Early examples of this pattern are emerging in CI/CD pipelines. Instead of a single AI assistant, teams are experimenting with agent chains where one agent writes code, another reviews it, a third runs security scans, and a fourth handles deployment. The orchestration layer becomes critical for managing the workflow and ensuring agents don't step on each other's toes.

Technical Implementation Patterns

Several patterns are emerging for implementing these systems:

1. Context-Aware Session Management Tools are adopting techniques like:

Semantic search over conversation history
File dependency graphs to understand project structure
Incremental context updates rather than full replays

2. Agent Communication Protocols Standardized message formats are being developed, similar to how microservices use REST or gRPC. The Model Context Protocol (MCP) is one such standard that defines how agents can share context and tools.

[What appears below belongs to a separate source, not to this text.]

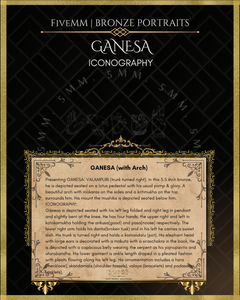 Ganesa Panchaloha Bronze Icon - 5.5" Seated with arch - Polished finish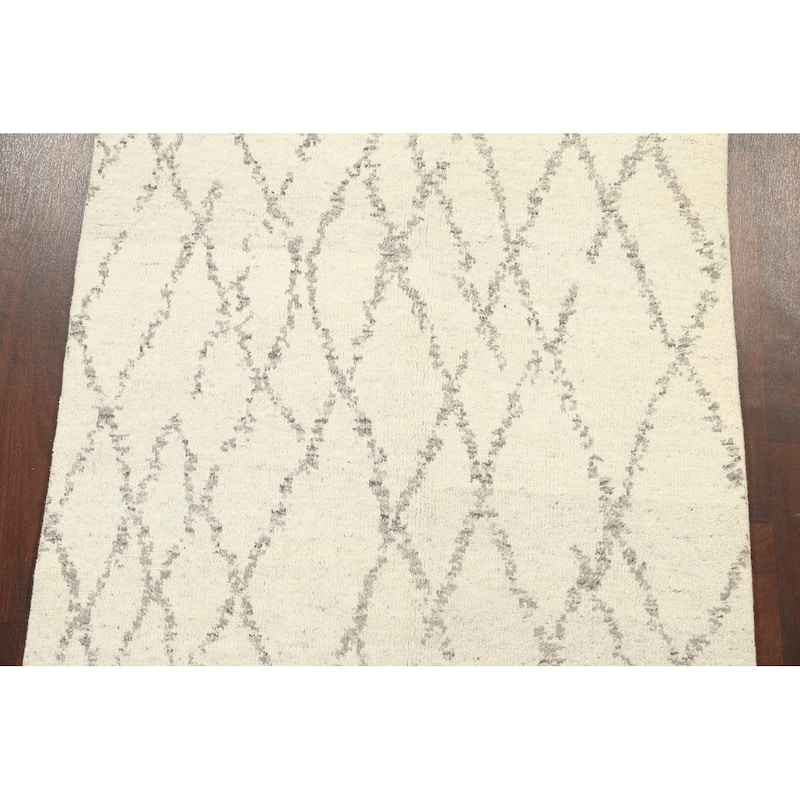 Geometric Contemporary Moroccan Oriental Wool Area Rug Hand-knotted - 5'2" x 7'7"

3. State Persistence Strategies

Database-backed session storage for long-term memory
Vector embeddings for semantic search across past conversations
Differential updates to avoid reprocessing entire histories

Challenges and Trade-offs

This approach isn't without significant challenges:

Token Management: Long-running sessions quickly consume context windows. Solutions include:

Summarization techniques that condense past interactions
Selective context loading based on current task
External memory systems that retrieve relevant history

Error Propagation: In multi-agent systems, errors can cascade. A bug in the code generation agent might cause the testing agent to fail, which then breaks the deployment agent. Implementing circuit breakers and validation checkpoints is crucial.

Cost: These systems are expensive to run. Each agent interaction consumes API calls, and long-running sessions multiply this cost. Teams need to balance capability with budget constraints.

Real-World Applications

Several companies are already implementing these patterns:

Cursor's Agent Mode: The editor now allows agents to work across multiple files, run commands, and iterate on solutions. Their approach maintains a project-wide context that understands relationships between different parts of the codebase.

GitHub Copilot Workspace: This takes a project-level approach where agents can understand entire repositories and make coordinated changes across multiple files.

Custom Orchestration Platforms: Companies like LangChain and AutoGen provide frameworks for building multi-agent systems, though these require significant engineering effort to implement effectively.

What's Next

The trend points toward more sophisticated agent orchestration:

Standardization: Expect more protocols and standards for agent communication, reducing the lock-in to specific platforms.
Specialization: Agents will become more specialized for specific tasks (security auditing, performance optimization, documentation generation) rather than general-purpose coding.
Human-in-the-Loop: Rather than full automation, the most effective systems will maintain human oversight, with agents handling routine tasks and escalating complex decisions.
Integration with Existing Tools: The most successful implementations will integrate seamlessly with existing development workflows rather than requiring wholesale adoption of new platforms.

Getting Started

For teams interested in experimenting with these patterns:

Start Small: Begin with a single long-running agent for a specific task before attempting orchestration.
Focus on Context Management: The biggest technical hurdle is maintaining useful context. Invest in techniques for summarization and retrieval.
Monitor Costs: Set up tracking for API usage and token consumption from day one.
Define Clear Boundaries: Each agent should have a well-defined responsibility to avoid overlap and confusion.

The shift toward long-running, orchestrated agents represents a maturation of AI in software development. While the hype cycle has focused on single-shot code generation, the real value may come from agents that can understand and work within the full context of a project over time. As these systems become more sophisticated, they promise to change not just how we write code, but how we think about the entire software development lifecycle.